== Task statement ==
Copy verbatim the span of lines beginning at the line that contains "FMP ke-11, Kirab Bendera Sepanjang 500 Meter" and ending with the final line of the data. Exclude pictures from the copy.

[[ Dataset records, beginning ]]

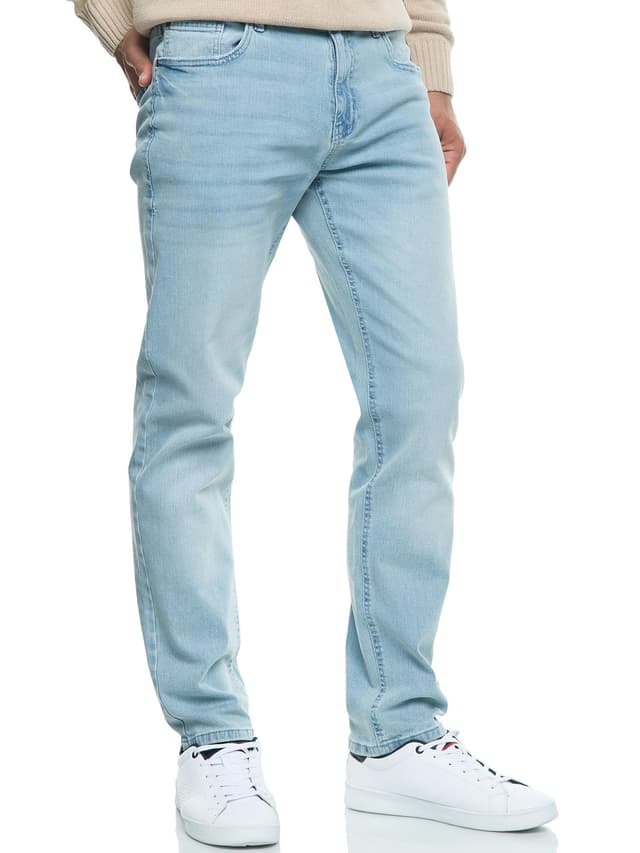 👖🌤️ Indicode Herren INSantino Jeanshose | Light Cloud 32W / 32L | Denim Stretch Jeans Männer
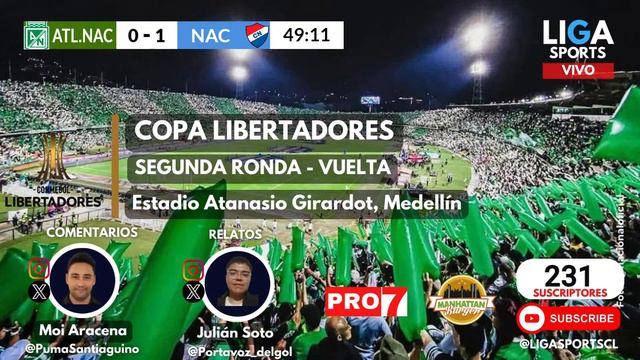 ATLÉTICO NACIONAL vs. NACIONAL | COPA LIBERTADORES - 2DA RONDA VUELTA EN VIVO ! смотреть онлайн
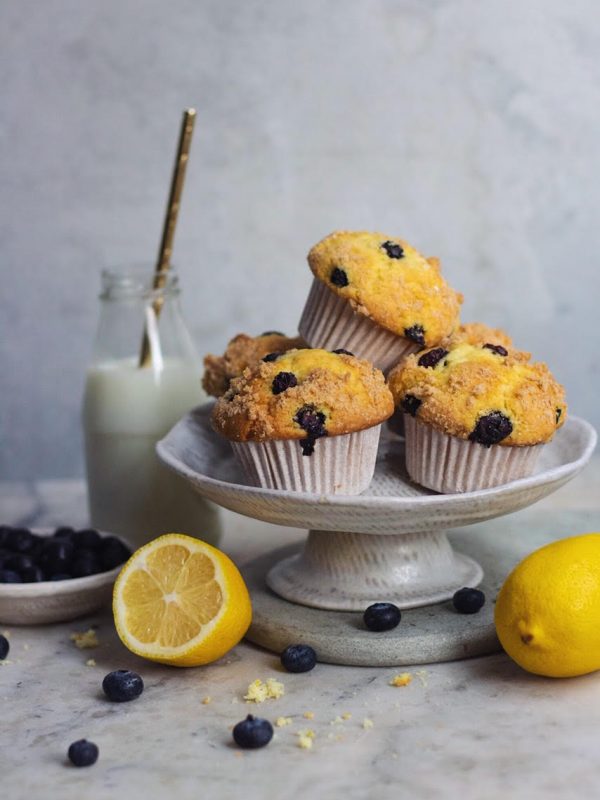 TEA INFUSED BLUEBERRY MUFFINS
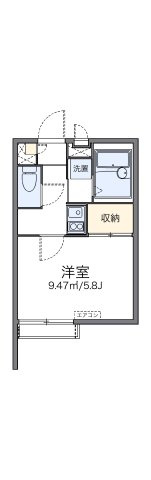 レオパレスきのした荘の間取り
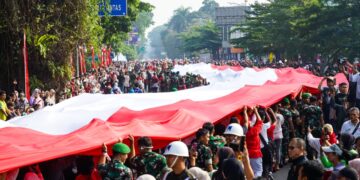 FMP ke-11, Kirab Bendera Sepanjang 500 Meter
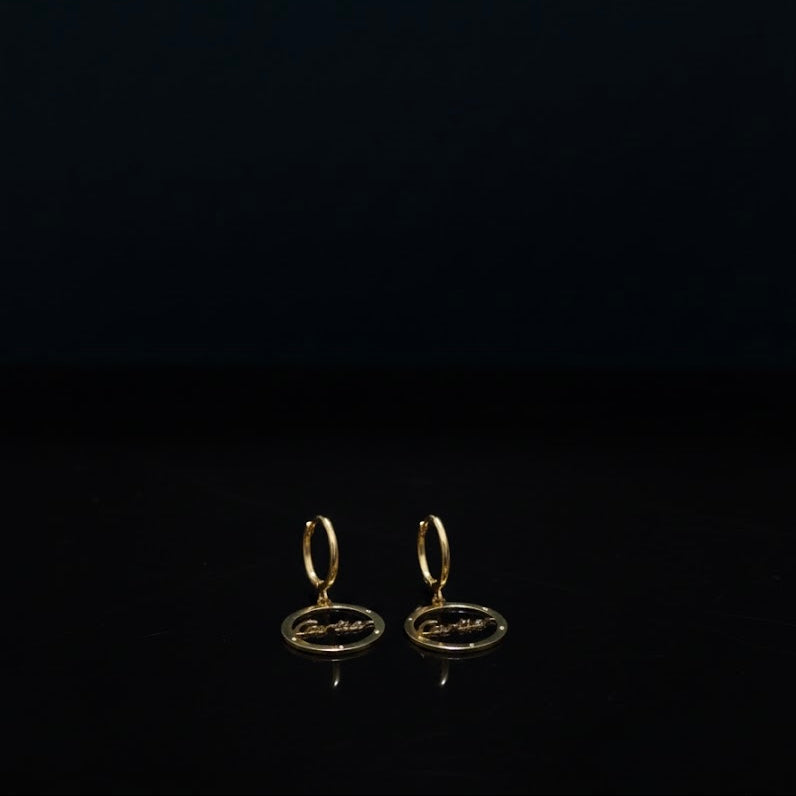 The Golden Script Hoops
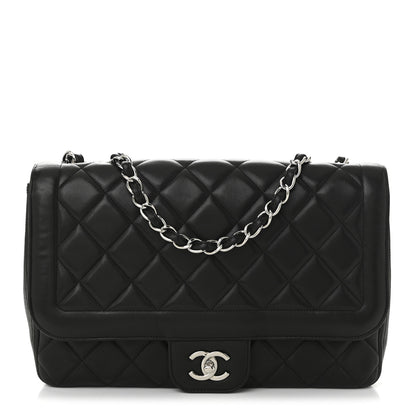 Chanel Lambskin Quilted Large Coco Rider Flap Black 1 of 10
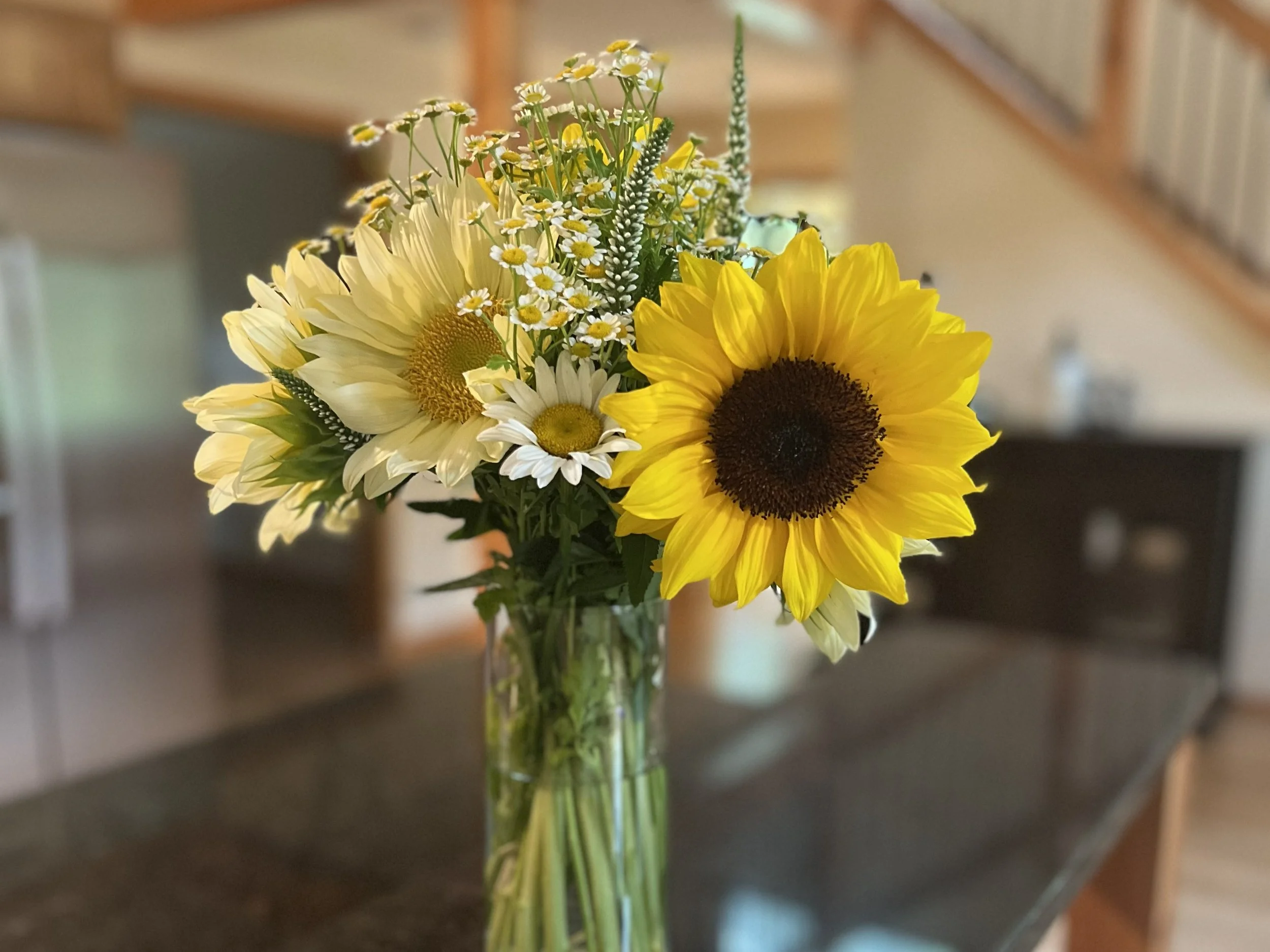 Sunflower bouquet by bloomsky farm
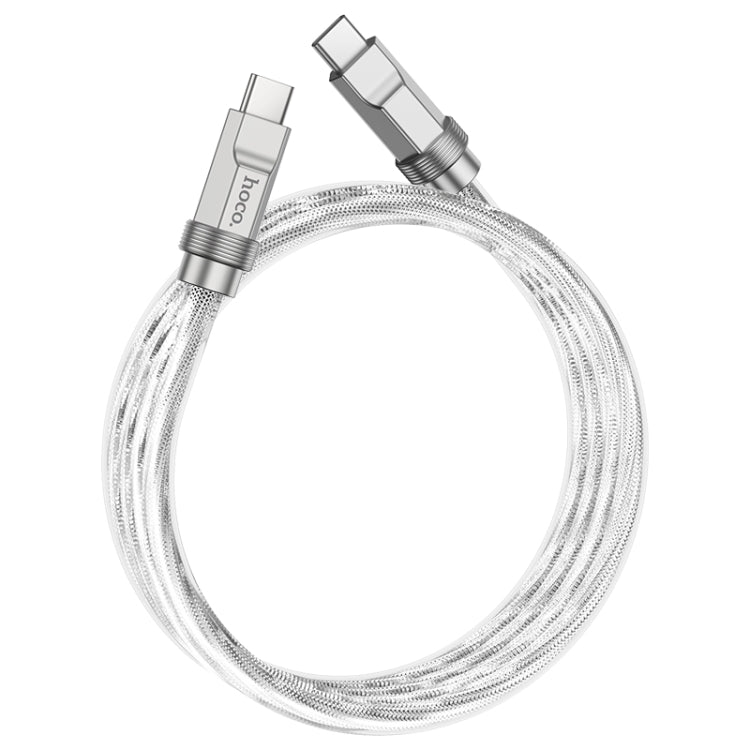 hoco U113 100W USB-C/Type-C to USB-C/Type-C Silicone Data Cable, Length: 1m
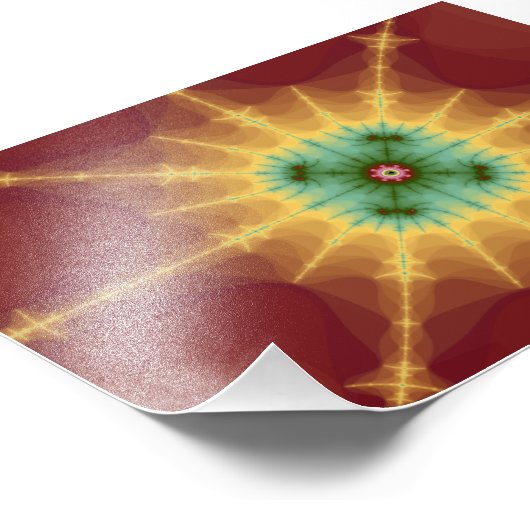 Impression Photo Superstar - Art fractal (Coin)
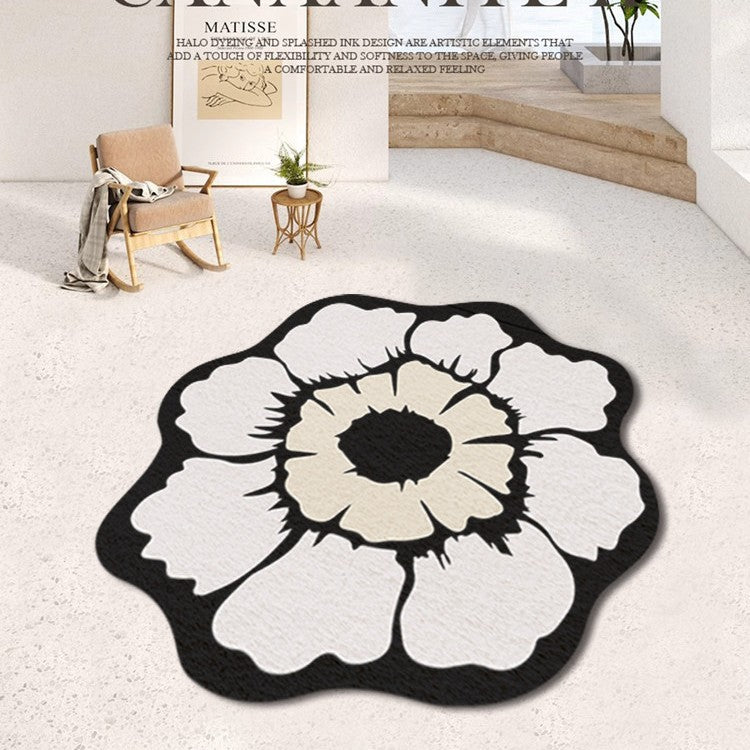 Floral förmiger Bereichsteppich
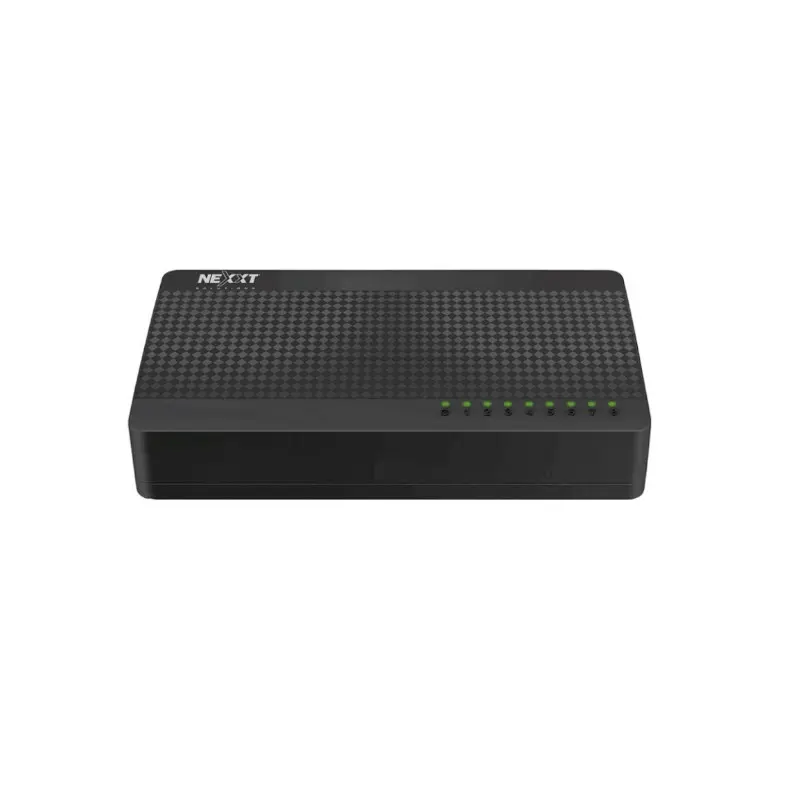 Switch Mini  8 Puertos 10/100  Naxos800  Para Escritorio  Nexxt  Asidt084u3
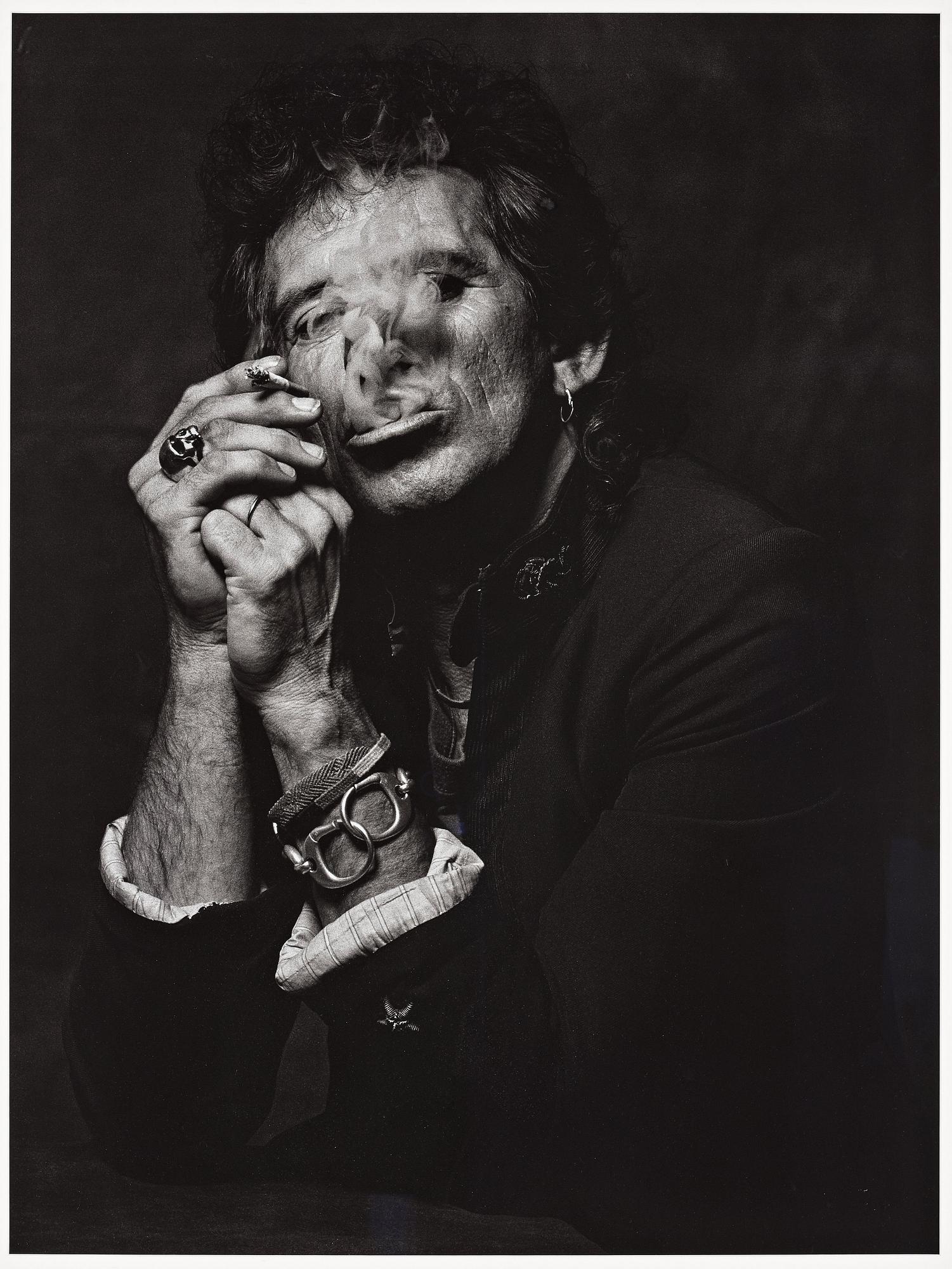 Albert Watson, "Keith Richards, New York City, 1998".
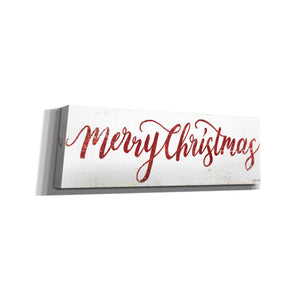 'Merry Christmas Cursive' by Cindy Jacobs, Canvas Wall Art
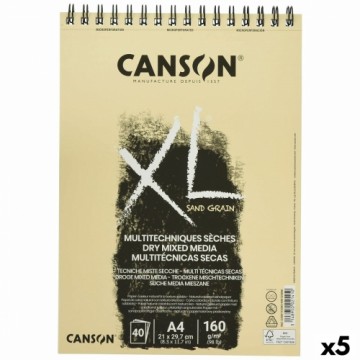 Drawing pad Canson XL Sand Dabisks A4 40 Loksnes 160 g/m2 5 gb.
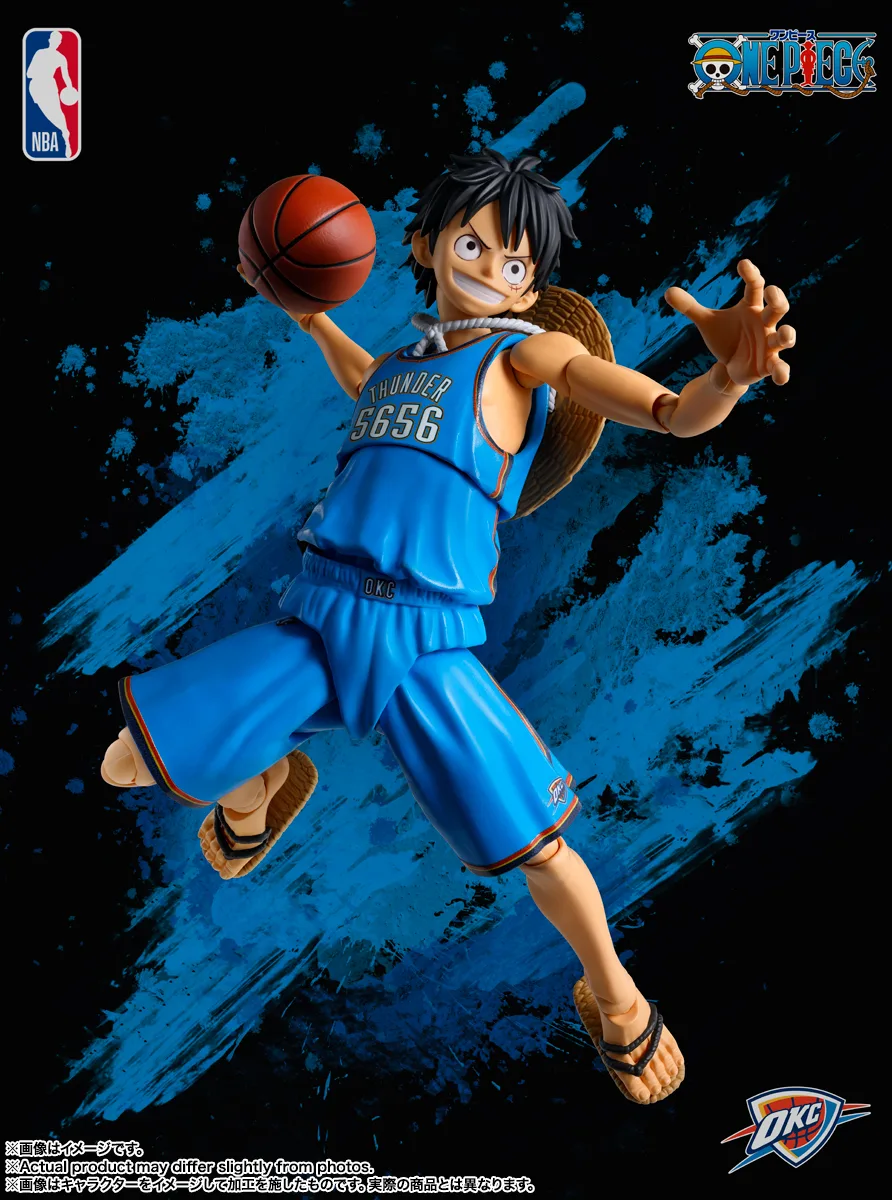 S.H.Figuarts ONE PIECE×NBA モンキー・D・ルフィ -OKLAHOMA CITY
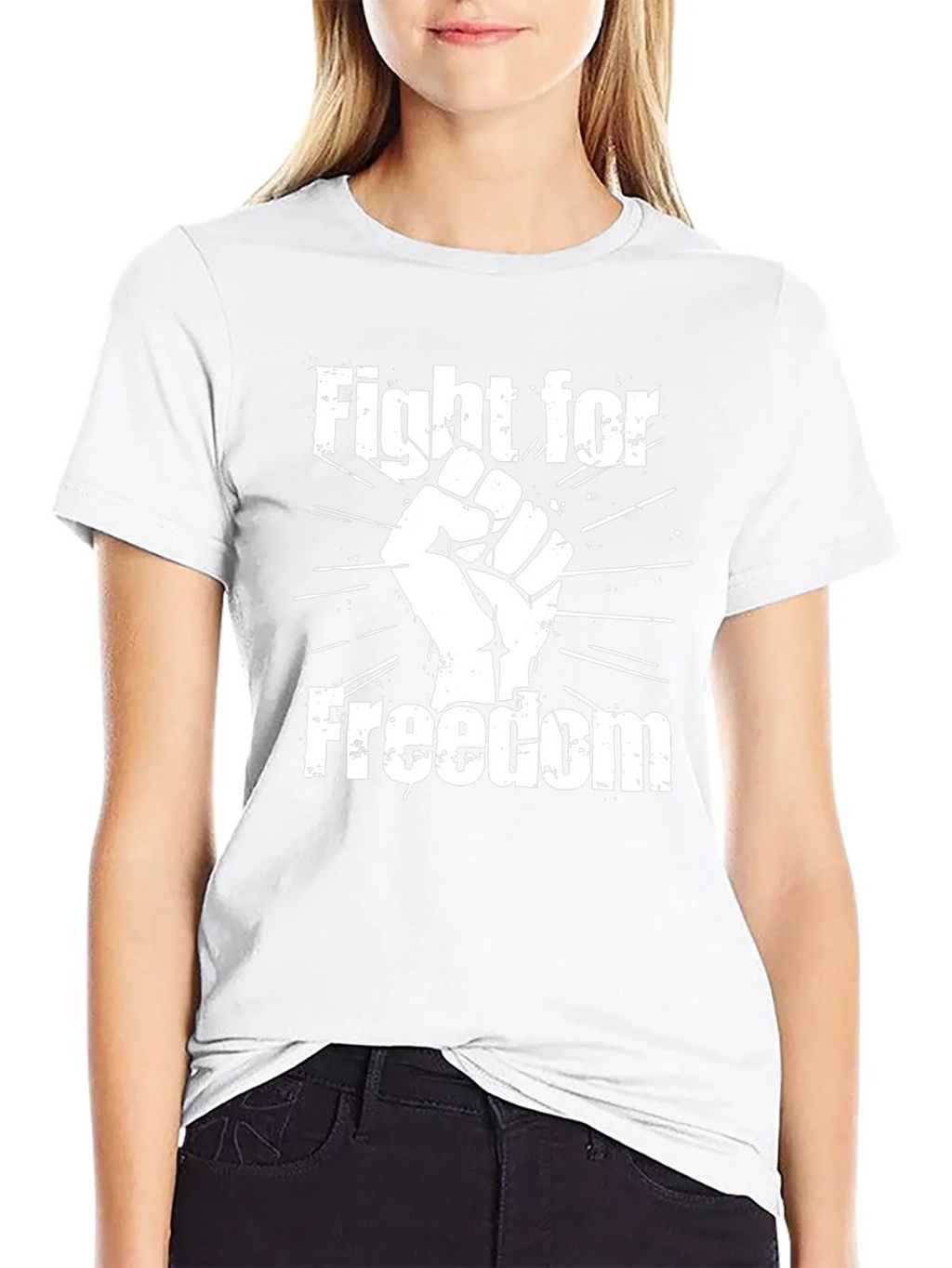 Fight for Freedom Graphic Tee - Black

[[ Dataset records, end ]]

== Answer to this exercise ==
 FMP ke-11, Kirab Bendera Sepanjang 500 Meter
 The Golden Script Hoops
 Chanel Lambskin Quilted Large Coco Rider Flap Black 1 of 10
 Sunflower bouquet by bloomsky farm
 hoco U113 100W USB-C/Type-C to USB-C/Type-C Silicone Data Cable, Length: 1m
 Impression Photo Superstar - Art fractal (Coin)
 Floral förmiger Bereichsteppich
 Switch Mini  8 Puertos 10/100  Naxos800  Para Escritorio  Nexxt  Asidt084u3
 Albert Watson, "Keith Richards, New York City, 1998".
 'Merry Christmas Cursive' by Cindy Jacobs, Canvas Wall Art
 Drawing pad Canson XL Sand Dabisks A4 40 Loksnes 160 g/m2 5 gb.
 S.H.Figuarts ONE PIECE×NBA モンキー・D・ルフィ -OKLAHOMA CITY
 Fight for Freedom Graphic Tee - Black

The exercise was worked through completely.